Recognising the debacle, the Punjab government under Chief Minister Maryam Nawaz launched its own film fund — worth ₹2 billion, twice the size of the federal one. With 255 submissions received and ₹3 crore promised per qualifying film, the initiative has been met with cautious optimism. Additionally, a box-office incentivisation scheme is in the works to reward filmmakers based on performance — a potentially groundbreaking move if implemented efficiently.
Sindh has also introduced a film fund, but its model leans heavily on work-for-hire agreements tied to pre-approved government themes, with intellectual property rights retained by the Information Department — a structure that sidelines independent creatives.
Though government support is a welcome step, these one-time injections are no long-term fix. Without regulatory frameworks, transparency in box office reporting, and mechanisms for attracting private and corporate investment, the impact of such grants will likely be temporary.
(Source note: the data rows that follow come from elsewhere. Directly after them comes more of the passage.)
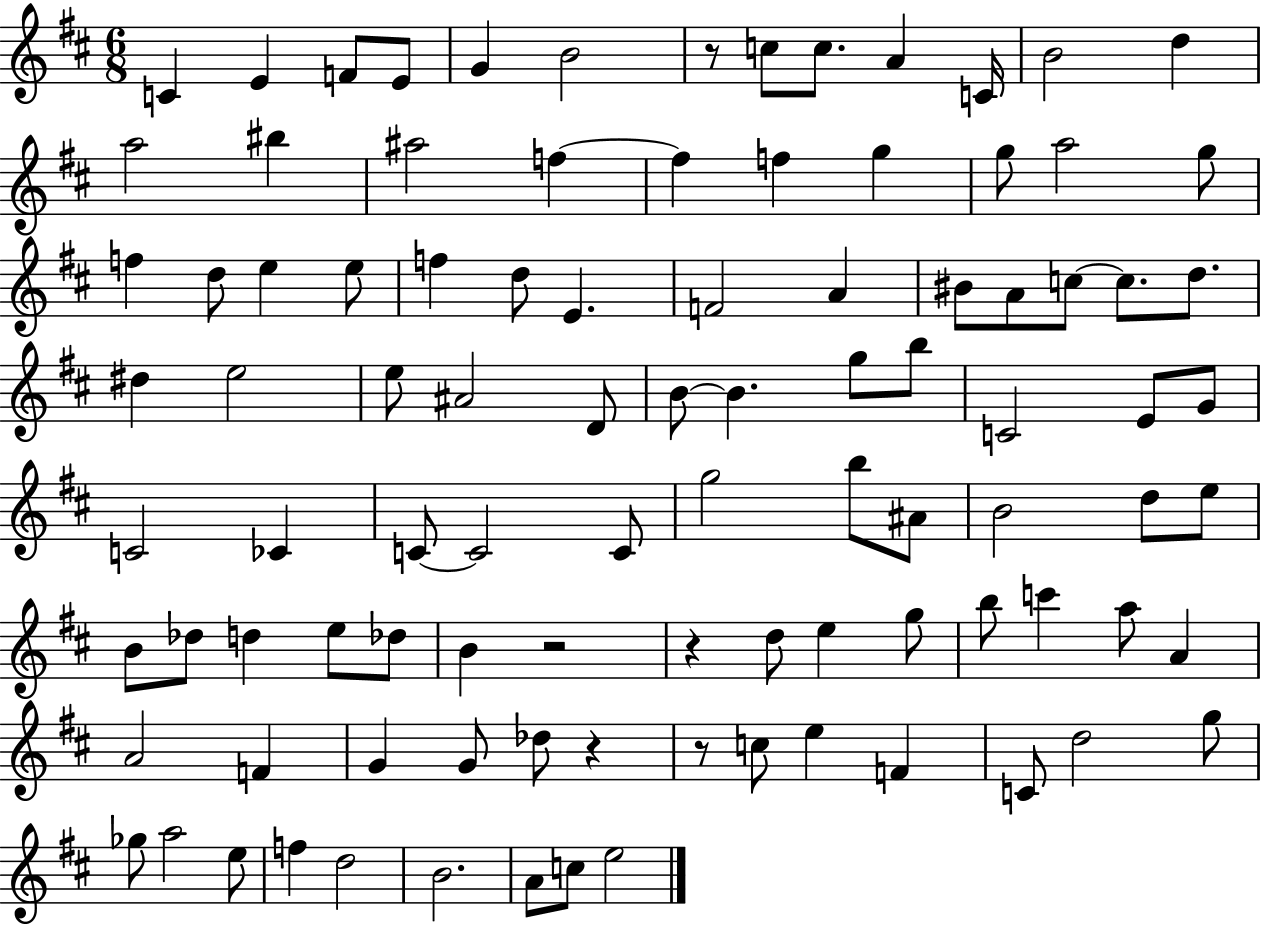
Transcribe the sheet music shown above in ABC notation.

X:1
T:Untitled
M:6/8
L:1/4
K:D
C E F/2 E/2 G B2 z/2 c/2 c/2 A C/4 B2 d a2 ^b ^a2 f f f g g/2 a2 g/2 f d/2 e e/2 f d/2 E F2 A ^B/2 A/2 c/2 c/2 d/2 ^d e2 e/2 ^A2 D/2 B/2 B g/2 b/2 C2 E/2 G/2 C2 _C C/2 C2 C/2 g2 b/2 ^A/2 B2 d/2 e/2 B/2 _d/2 d e/2 _d/2 B z2 z d/2 e g/2 b/2 c' a/2 A A2 F G G/2 _d/2 z z/2 c/2 e F C/2 d2 g/2 _g/2 a2 e/2 f d2 B2 A/2 c/2 e2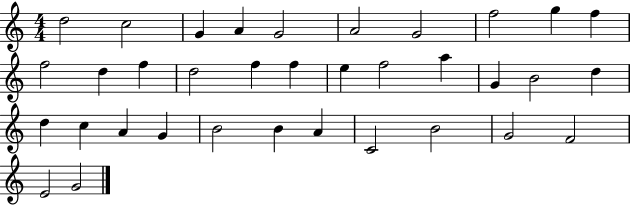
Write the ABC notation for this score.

X:1
T:Untitled
M:4/4
L:1/4
K:C
d2 c2 G A G2 A2 G2 f2 g f f2 d f d2 f f e f2 a G B2 d d c A G B2 B A C2 B2 G2 F2 E2 G2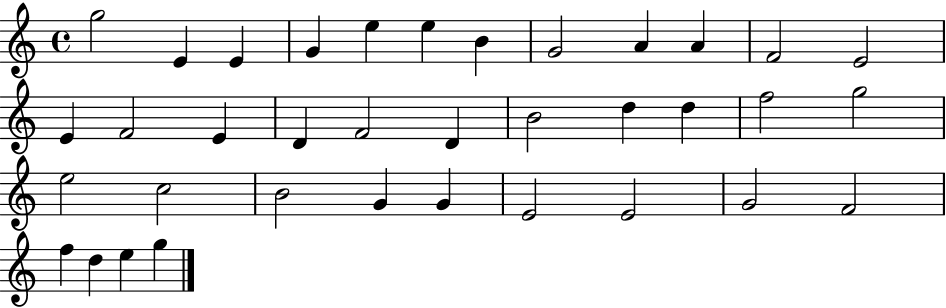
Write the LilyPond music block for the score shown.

{
  \clef treble
  \time 4/4
  \defaultTimeSignature
  \key c \major
  g''2 e'4 e'4 | g'4 e''4 e''4 b'4 | g'2 a'4 a'4 | f'2 e'2 | \break e'4 f'2 e'4 | d'4 f'2 d'4 | b'2 d''4 d''4 | f''2 g''2 | \break e''2 c''2 | b'2 g'4 g'4 | e'2 e'2 | g'2 f'2 | \break f''4 d''4 e''4 g''4 | \bar "|."
}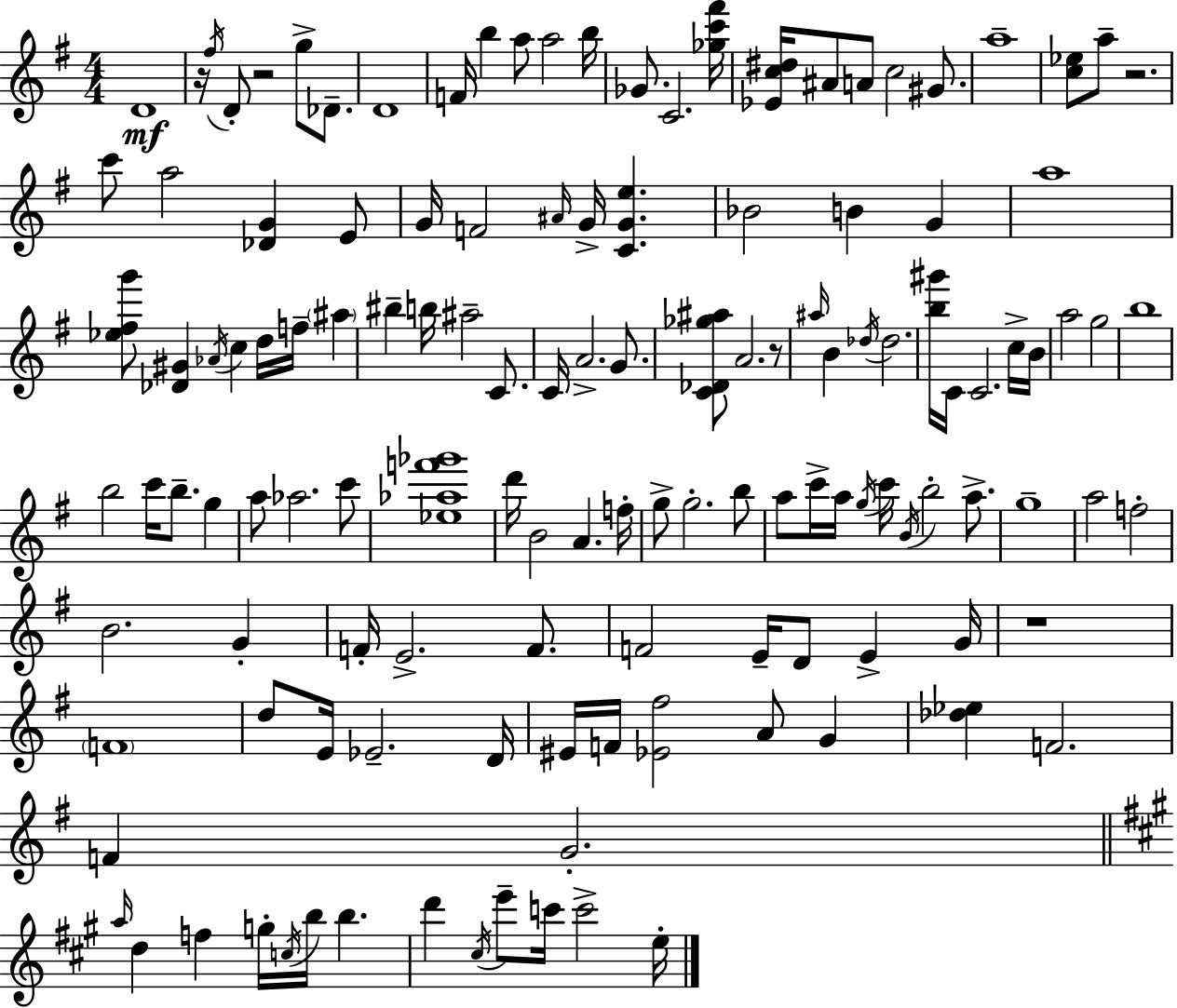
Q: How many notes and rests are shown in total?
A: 131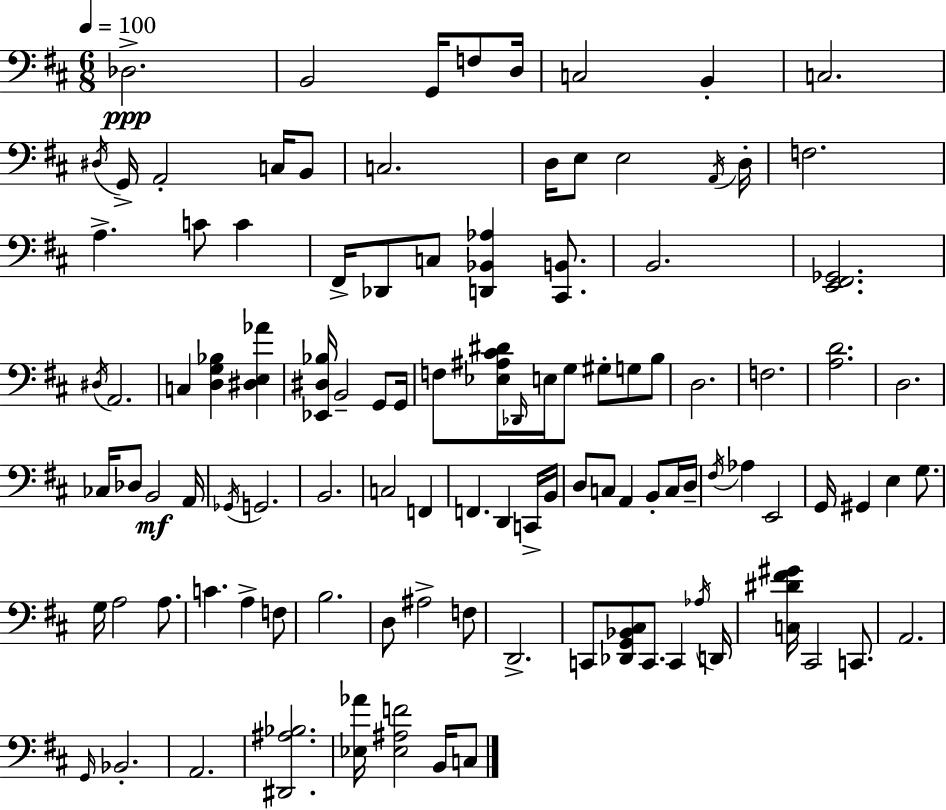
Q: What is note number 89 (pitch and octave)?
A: G2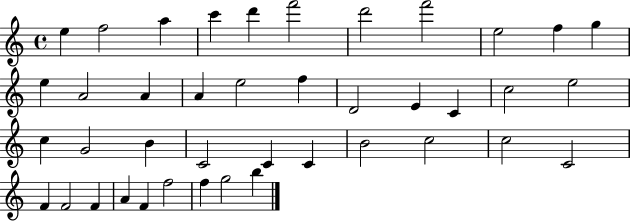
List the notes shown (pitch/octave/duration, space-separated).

E5/q F5/h A5/q C6/q D6/q F6/h D6/h F6/h E5/h F5/q G5/q E5/q A4/h A4/q A4/q E5/h F5/q D4/h E4/q C4/q C5/h E5/h C5/q G4/h B4/q C4/h C4/q C4/q B4/h C5/h C5/h C4/h F4/q F4/h F4/q A4/q F4/q F5/h F5/q G5/h B5/q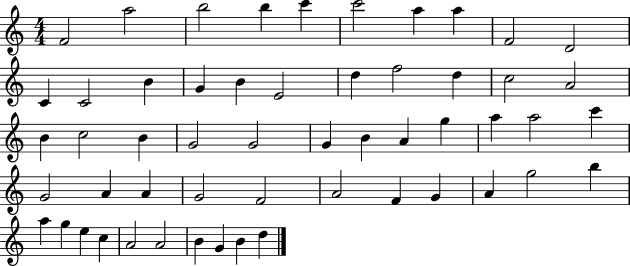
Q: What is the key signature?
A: C major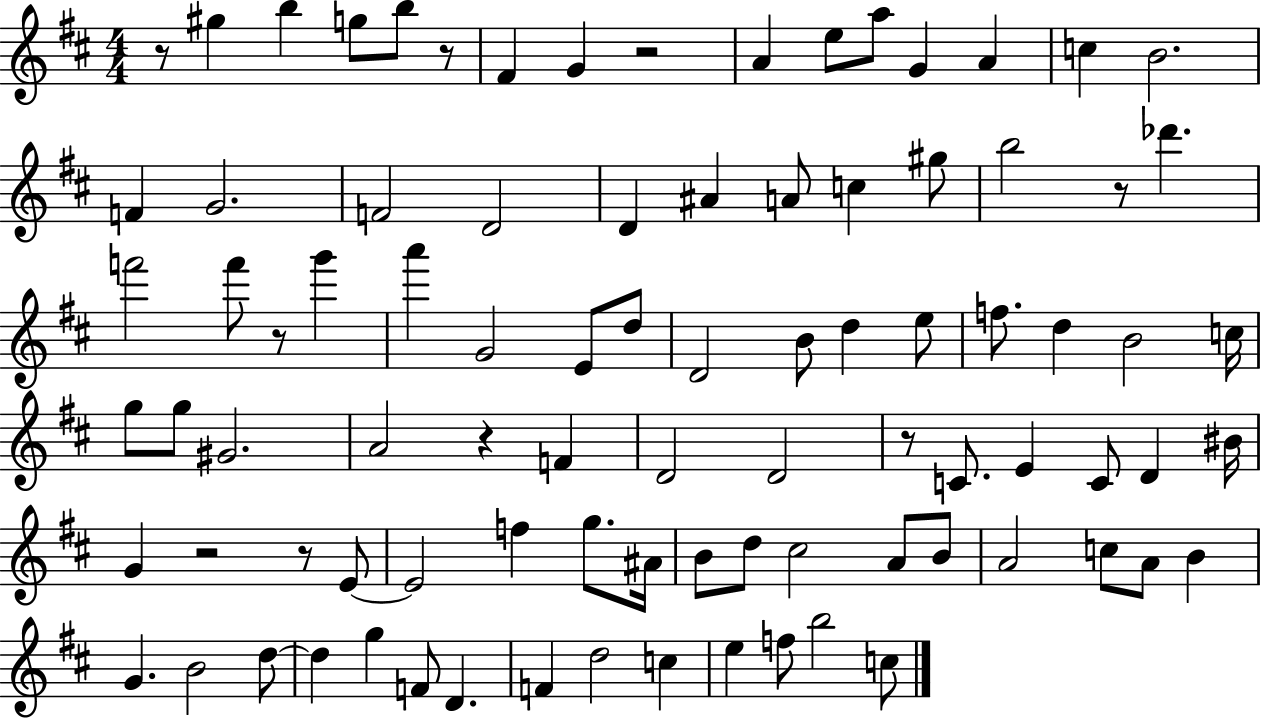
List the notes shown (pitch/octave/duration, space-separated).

R/e G#5/q B5/q G5/e B5/e R/e F#4/q G4/q R/h A4/q E5/e A5/e G4/q A4/q C5/q B4/h. F4/q G4/h. F4/h D4/h D4/q A#4/q A4/e C5/q G#5/e B5/h R/e Db6/q. F6/h F6/e R/e G6/q A6/q G4/h E4/e D5/e D4/h B4/e D5/q E5/e F5/e. D5/q B4/h C5/s G5/e G5/e G#4/h. A4/h R/q F4/q D4/h D4/h R/e C4/e. E4/q C4/e D4/q BIS4/s G4/q R/h R/e E4/e E4/h F5/q G5/e. A#4/s B4/e D5/e C#5/h A4/e B4/e A4/h C5/e A4/e B4/q G4/q. B4/h D5/e D5/q G5/q F4/e D4/q. F4/q D5/h C5/q E5/q F5/e B5/h C5/e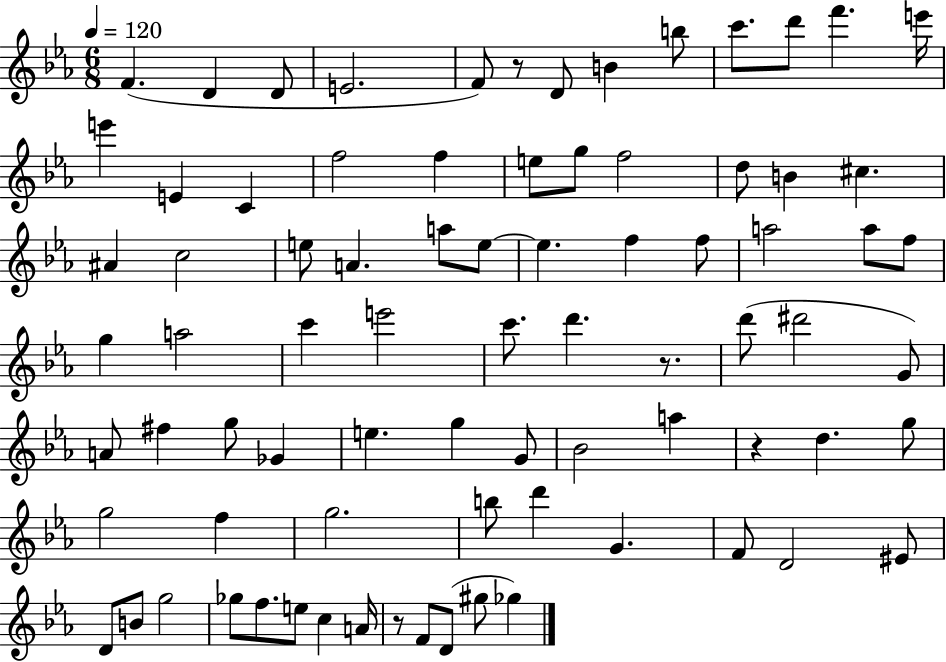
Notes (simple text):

F4/q. D4/q D4/e E4/h. F4/e R/e D4/e B4/q B5/e C6/e. D6/e F6/q. E6/s E6/q E4/q C4/q F5/h F5/q E5/e G5/e F5/h D5/e B4/q C#5/q. A#4/q C5/h E5/e A4/q. A5/e E5/e E5/q. F5/q F5/e A5/h A5/e F5/e G5/q A5/h C6/q E6/h C6/e. D6/q. R/e. D6/e D#6/h G4/e A4/e F#5/q G5/e Gb4/q E5/q. G5/q G4/e Bb4/h A5/q R/q D5/q. G5/e G5/h F5/q G5/h. B5/e D6/q G4/q. F4/e D4/h EIS4/e D4/e B4/e G5/h Gb5/e F5/e. E5/e C5/q A4/s R/e F4/e D4/e G#5/e Gb5/q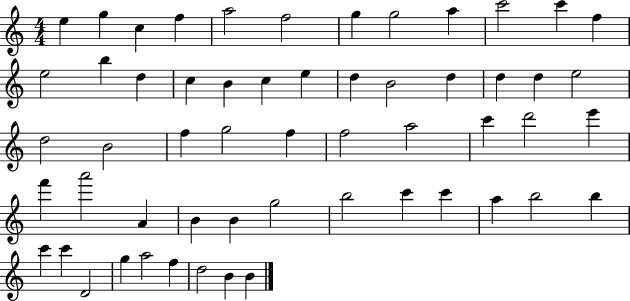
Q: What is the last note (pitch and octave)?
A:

To its credit, the industry still produces the occasional hit. Films like Love Guru, London Nahi Jaunga, and The Legend of Maula Jatt have drawn large crowds, showing that when content is compelling and commercially savvy, audiences will show up.
But deeper issues persist. The ongoing power struggle between Karachi and Lahore continues to fracture the industry. Disputes over leadership within the Pakistan Film Producers Association (PFPA) have landed in court, stalling vital organisational progress. Allegations of election rigging within the PFPA and murmurs of regional favouritism further exacerbate the divide.
Adding to the frustration is the industry’s own self-sabotage. Veteran filmmakers lament the lack of support from top-tier stars — such as Humayun Saeed, Mahira Khan, and Mehwish Hayat — who reportedly turn down scripts citing poor quality or lack of vision. This further alienates legacy filmmakers and widens the talent gap.
Still, Love Guru‘s commercial performance has, at least temporarily, silenced the loudest critics. While the film may not be a cinematic masterpiece, it demonstrates what Icon has long argued: Pakistani audiences want quality escapist entertainment — and will turn up in droves for it. Sub-standard films, however, will no longer be tolerated.
The road to recovery isn’t impossible. But it requires the film fraternity — fractured as it is — to rally around one shared goal: making consistently good films. The formula isn’t complicated, but the will to execute it seems lost in petty rivalries, bureaucratic misfires, and a short-sighted view of what Pakistani cinema could become.
Until the industry chooses unity over discord and quality over quick wins, Love Guru may remain the exception, not the rule.